One night after midnight in the early part of June, Albie was in a Laundromat in Williamsburg. The taxis still rushed by but they were quieter. The people on the street were quieter. Albie was reading the novel he had started the day before, and in reading it he’d lost track of time. It was considerably better than the usual fare of detective stories and thrillers he read, because the receptionist at Viking tended to give him better books. She didn’t just give him what had come out that week either, though sometimes she gave him those too. She’d given him a copy of David Copperfield once and said she thought he’d like it, just like that, like he was the sort of person someone would look at and think of Dickens, and so he read it. It was a book he was supposed to read for school the year he was in Virginia. He had carried it around with him for a month, just like all the other kids in his class carried David Copperfield around, but he’d never cracked it. “If I’d known you when I lived in Virginia,” he told the receptionist after he’d finished it, “I might have passed the class.”

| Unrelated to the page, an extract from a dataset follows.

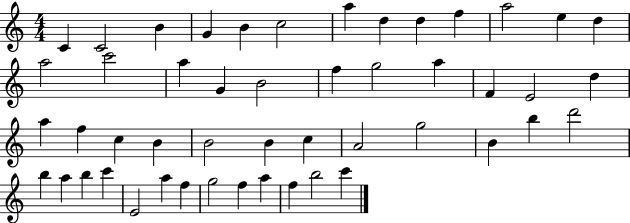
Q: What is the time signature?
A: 4/4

“You’re from Virginia?” she asked. Maybe she was his mother’s age, maybe a little younger, and she was smart, he could tell that. These conversations never lasted more than two or three minutes but he liked her. Albie had places to go and the telephone at her desk never stopped ringing. She picked it up and asked the person if she could put them on hold, which she did without waiting for an answer.

“Not from there,” he said. “I just lived there for a while when I was a kid.”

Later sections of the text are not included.